Protecting Ancestral Waters Through Collaborative Stewardship

The proposed Chumash Heritage National Marine Sanctuary, along California’s Central Coast, would be the first of its kind in the U.S. to be nominated by Native peoples.
A furry-faced animal swims on its back in calm waters.

A sea otter floats in a kelp bed near Point Conception along California’s coast.
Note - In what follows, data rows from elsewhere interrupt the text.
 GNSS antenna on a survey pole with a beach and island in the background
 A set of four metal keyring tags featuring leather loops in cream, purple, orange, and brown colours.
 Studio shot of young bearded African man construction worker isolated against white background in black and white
Ricardo Dearatanha/Los Angeles Times/Getty Images

When the soul of a deceased member of the Chumash peoples bathes before departing for the afterlife, many say it does so at Humqaq, or Point Conception. [1] The spelling of the place name varies across Chumash languages; Humqaq is the spelling used by the Northern Chumash Tribal Council. According to Chumash generational knowledge, this coastal headland and its surrounding waters, located about 50 miles west of Santa Barbara, California, have been occupied by Chumash peoples and their ancestors since time immemorial. A sacred place for the Chumash, Humqaq also provides important habitat for a variety of plant and animal species, and—if all goes according to plan—will soon be legally protected as part of the Chumash Heritage National Marine Sanctuary (CHNMS).

The U.S. National Oceanic and Atmospheric Administration (NOAA) completed their final environmental impact statement for the creation of this new sanctuary in September and is poised to issue a designation by the end of 2024. If approved, the CHNMS will be the first marine sanctuary in the U.S. proposed by Indigenous peoples. Importantly, the plan for this sanctuary is that the federal government and Native tribes of this part of California will collaboratively manage the CHNMS to protect the region’s marine ecosystems and cultural heritage.
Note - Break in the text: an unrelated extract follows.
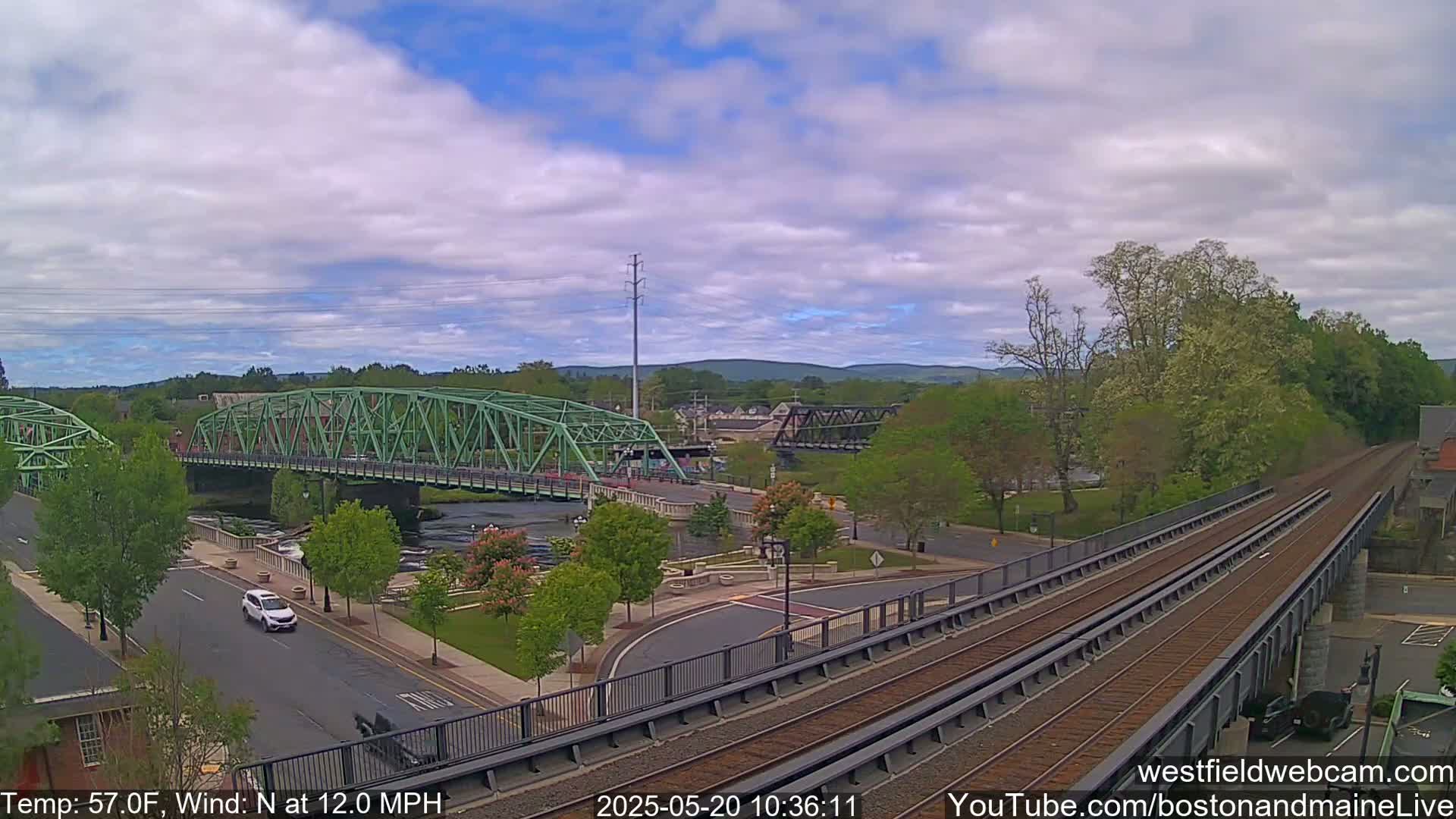 A partly cloudy day shows two bridges over a river, with train tracks and a roadway intersecting in a town setting.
Members of the Northern Chumash Tribal Council, who have led the nomination campaign, argue incorporating local Indigenous knowledge in the management of this sanctuary will ensure the marine ecosystem is not only preserved, but restored. They have partnered with a wide variety of groups, including the Santa Ynez Band of Chumash Indians and other Tribes and Tribal organizations, to support this endeavor.
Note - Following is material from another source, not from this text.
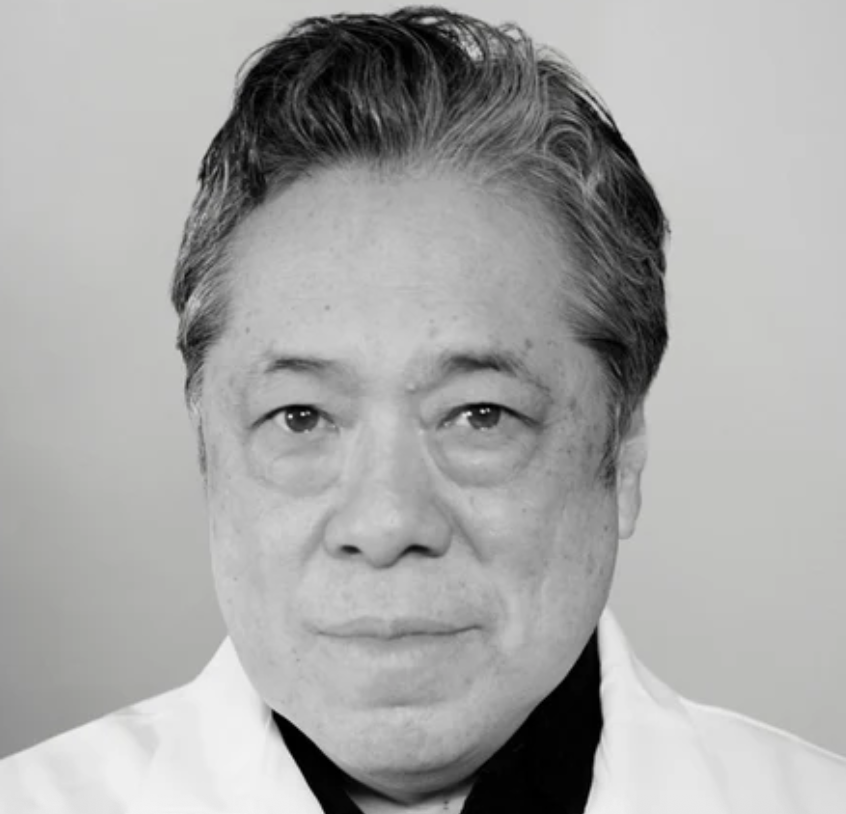 a black and white photo of an older asian man in a white lab coat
Blue, green, and tan colors make up this two-dimensional depiction of a California coastal area.

The U.S. National Oceanic and Atmospheric Administration released this map—which depicts the final boundaries of the proposed Chumash Heritage National Marine Sanctuary—in September 2024.

Public domain, courtesy of NOAA ONMS

The sanctuary would protect submerged villages and other Chumash heritage sites and the habitat of numerous marine species. These include whales, dolphins, sea otters, turtles, seals, and fishes and the oceanographic features that support these populations. Proponents say the sanctuary would also benefit Native and non-Native human residents by providing areas for recreation, defending against offshore oil drilling and mining, and likely generating hundreds of jobs in tourism and related industries.

The collaborative management plan for the CHNMS is ethically and politically significant, as it recognizes the rights of Native peoples to govern their own lands and waters. As a human ecologist and archaeologist who studies the use and management of natural resources, I believe research supports the claim that a Tribal-federal collaboration could be effective at ensuring the area’s sustainability long into the future—as long as the voices of local Indigenous stakeholders are truly prioritized.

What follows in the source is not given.